Regarding real case studies, we considered two datasets. In the first one, we illustrated the presence of a clustering structure, modeled via mixtures of unimodal Dirichlet distributions. This result contrasts with what has been done in the literature, where this dataset has always been considered as having a single group with atypical points. From an interpretative point of view, the detected clusters consist of different kinds of basalts present in the Isle of Skye, which differ by the proportions of major chemical elements.

The second dataset provided an example of a grouping structure with atypical points. Indeed, the fitting of the contaminated Dirichlet mixture model was the best according to the BIC. By using the features of this model, it has been possible to automatically detect and evaluate the atypical points assigned to one of the two clusters.
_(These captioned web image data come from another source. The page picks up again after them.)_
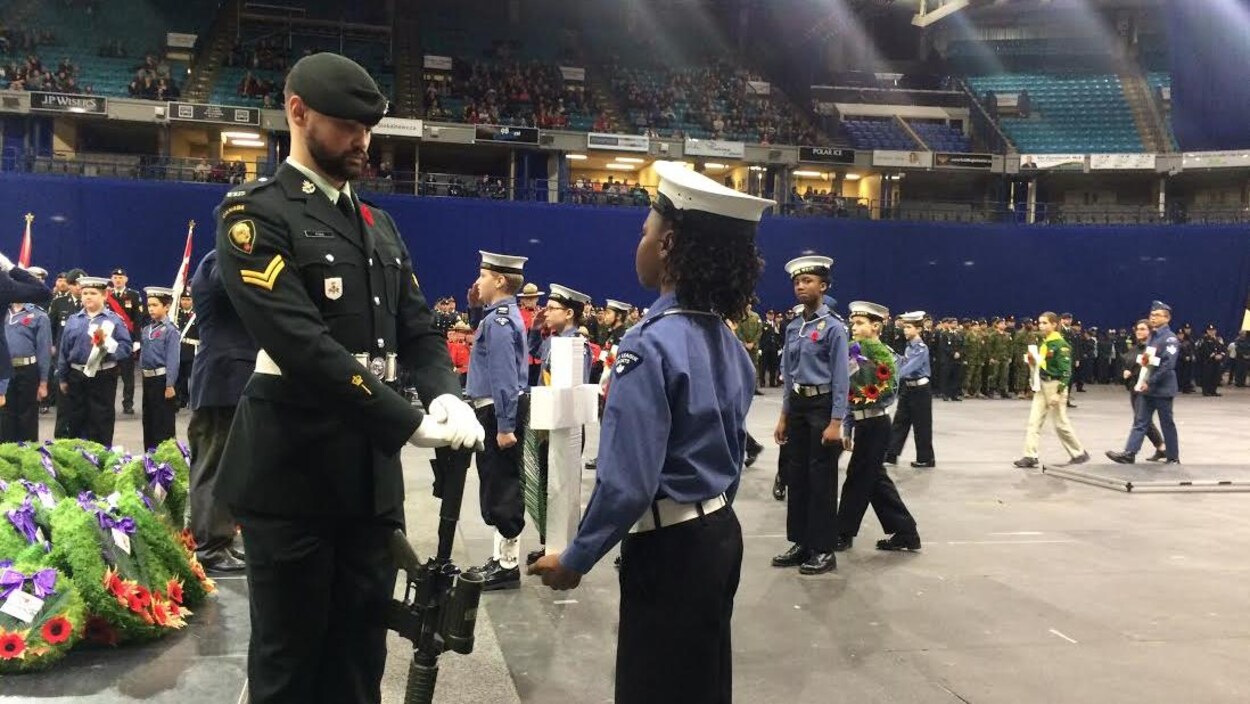Un soldat et des jeunes défilent au centre de l'aire de jeu d'un stade.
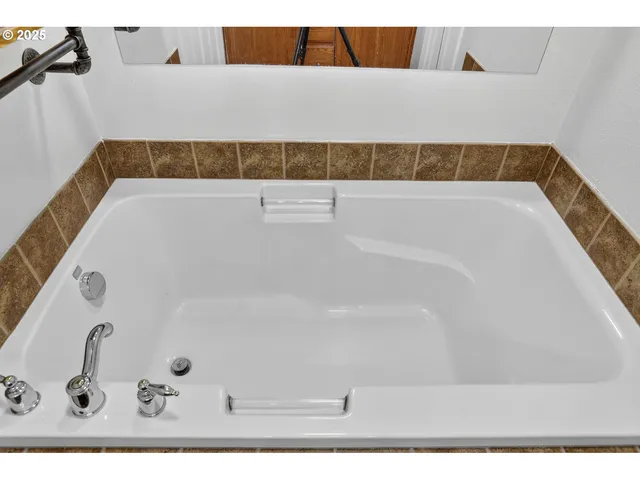 a bathroom with a bathtub and shower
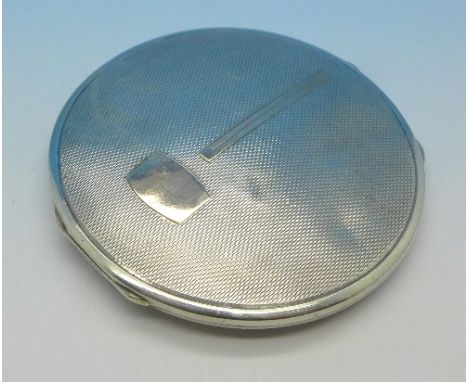A silver Art Deco compact with gold inlay, 86g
There are different possibilities for further work, four of which are worth mentioning. Firstly, the CUD-M model we propose follows a “componentwise” approach to protect the UD-M against the presence of atypical observations. Under the alternative “additional component” approach, and borrowing the famous idea from Banfield and Raftery (1993), the UD-M model could be protected against atypical observations via an “additional component” approach where a uniform distribution across the simplex is used as an additional component. The uniform component would hopefully capture the contaminated observations. Secondly, covariates are often available along with compositional data. A straightforward extension of the proposed methodology would deal with the regression framework, where the response random vector is conditionally distributed according to the CUD(-M) model. Thirdly, parsimony is a fundamental aspect of statistical modeling. Parsimony could be achieved by forcing the parameters (excluding the modes) to be equal across mixture components. Finally, extensions to hidden Markov models can be considered.